About the job
About Liquid AI
Originating from MIT CSAIL, Liquid AI specializes in the development of general-purpose AI systems designed to operate seamlessly across various platforms, including data center accelerators and on-device hardware. Our focus is on delivering low latency, efficient memory usage, privacy, and reliability. We collaborate with organizations in diverse sectors such as consumer electronics, automotive, life sciences, and financial services. As we experience rapid growth, we seek outstanding talent to join our mission.
The Opportunity
The Training Infrastructure team is at the forefront of building the distributed systems that empower our next-generation Liquid Foundation Models. As our operations expand, we aim to innovate, implement, and enhance the infrastructure crucial for large-scale training.
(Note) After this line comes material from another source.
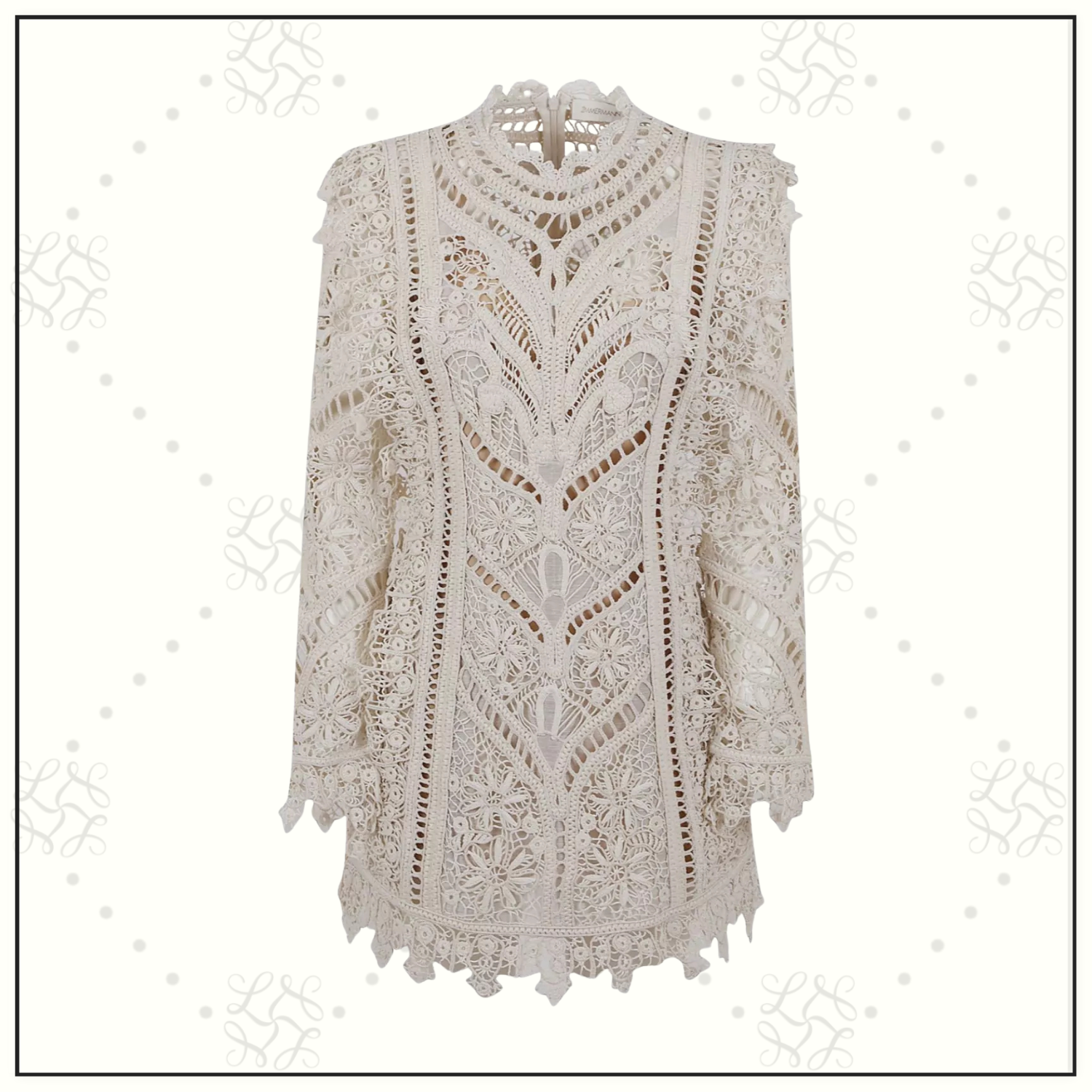 ILLUMINATE CORNELLI CROCHET MINI DRESS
This role is centered around high ownership of training systems, emphasizing runtime, performance, and reliability rather than a typical platform or SRE function. You will collaborate within a small, agile team, creating vital systems from the ground up instead of working with pre-existing infrastructure.
While San Francisco and Boston are preferred, we are open to other locations.
What We're Looking For
We are seeking an individual who:
- Embraces the complexity of distributed systems: Our team is dedicated to maintaining stability during extensive training runs, troubleshooting training failures across GPU clusters, and enhancing overall performance.
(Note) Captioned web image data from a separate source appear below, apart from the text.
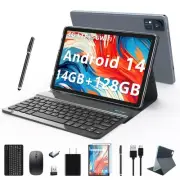 Android14 tablet 2025 Latest 10 inch 128GB ROM+14GB RAM+1TB Expand Octa-Core ...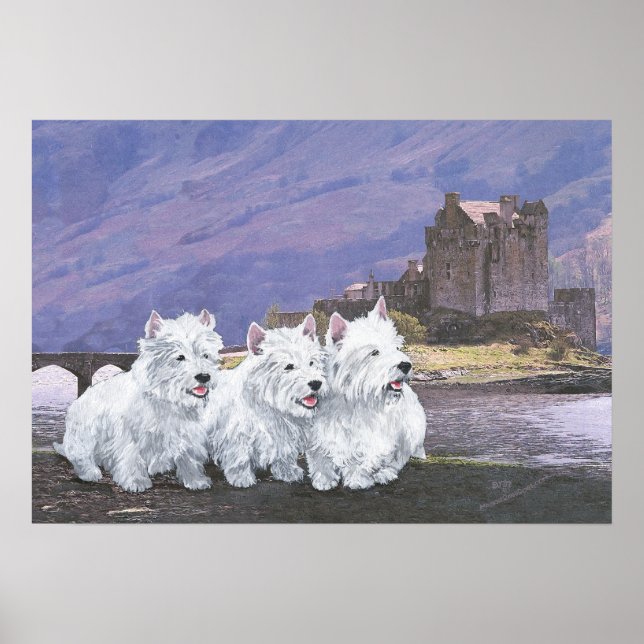 Westies in Scotland Poster (Front)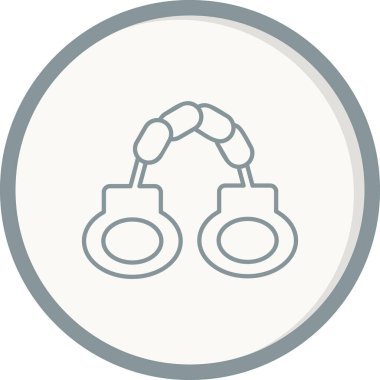 Kelepçe web simgesi basit illüstrasyon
- Is passionate about building: We value team members who take pride in developing robust, efficient, and reliable infrastructure.
- Excels in uncertain environments: Our systems are designed to support evolving model architectures. You will be making decisions based on incomplete information and rapidly iterating.
- Aligns with team goals and delivers results: The best engineers on our team align with collective priorities while providing data-driven feedback when challenges arise.
The Work
- Design and develop core systems that ensure quick and reliable large training runs.
- Create scalable distributed training infrastructure for GPU clusters.
- Implement and refine parallelism and sharding strategies for evolving architectures.
- Optimize distributed efficiency through topology-aware collectives, communication/compute overlap, and straggler mitigation.
- Develop data loading systems to eliminate I/O bottlenecks for multimodal datasets.